日露戦争終結後の明治39年に改めて「陸軍軍服服制」として制定され、晴れて「戦時服」は制式の軍服に移行したが、
一方で国費で購入した濃紺の生地が大量にストックされていた為そのまま破棄する訳にもいかず、こうした生地を消費する為、デザインはそのまま濃紺色の二種帽や軍衣、軍袴が製造され茶褐色のものと併用された。
この濃紺の軍服は当時「代用服」といった名称で呼称されていたが、後世の人間からは「三九式」と呼ばれることもある。
この頃の軍服の茶褐色は大陸の黄土を意識した「帯赤茶褐色」と呼ばれるもので文字通り赤味が強く
内地では偽装効果が損なわれると判断され明治42年に帯青茶褐色の生地で軍服が製造された。

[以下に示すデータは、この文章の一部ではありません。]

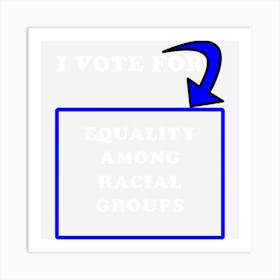 I Vote For Equality Among Racial Groups Art Print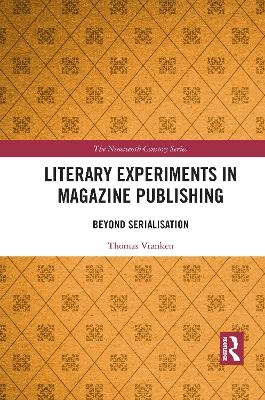 Literary Experiments in Magazine Publishing - Thomas Lloyd Vranken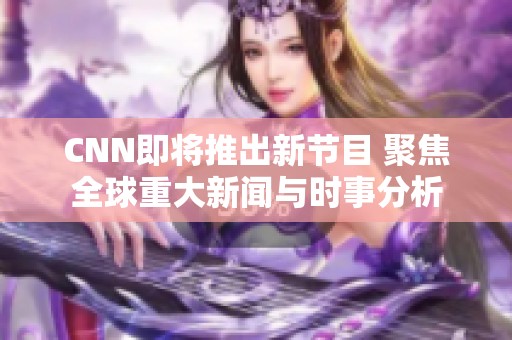 CNN即将推出新节目 聚焦全球重大新闻与时事分析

後の四五式軍衣のようなボタンが小ぶりなものに変更されている。
色味の違いで四二式と改四二式の二種類が存在したが所謂試験配備であったらしく置き換えるには至らなかった。
しかし、大正~昭和にかけて帯赤茶褐色から帯青茶褐色に変更されていくのでこうした試験の結果が反映されたものと考えられる。